- Dataset content:
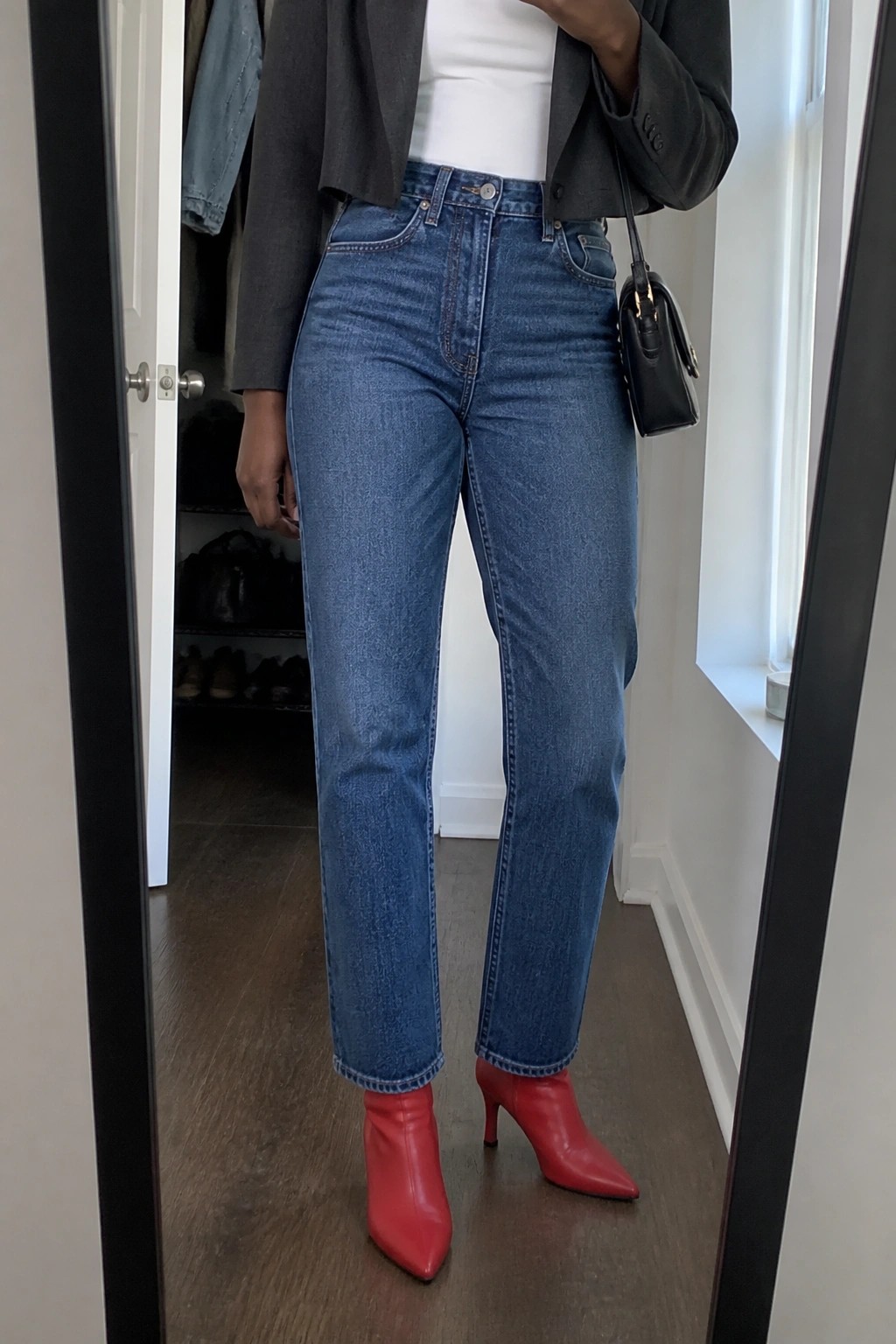 Woman in blue jeans, red pointed-toe boots, gray blazer, and black purse.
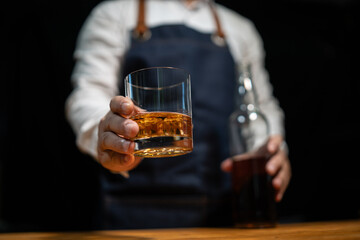Fototapeta na wymiar Barman pouring whiskey whiskey glass..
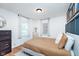 Comfortable bedroom featuring neutral tones, two windows and hardwood floors at 4641 Ralston Ave, Indianapolis, IN 46205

- What is being asked:
Without the images, write out each line of the data verbatim.

- Solution to this task:
 Woman in blue jeans, red pointed-toe boots, gray blazer, and black purse.
Fototapeta na wymiar Barman pouring whiskey whiskey glass..
 Comfortable bedroom featuring neutral tones, two windows and hardwood floors at 4641 Ralston Ave, Indianapolis, IN 46205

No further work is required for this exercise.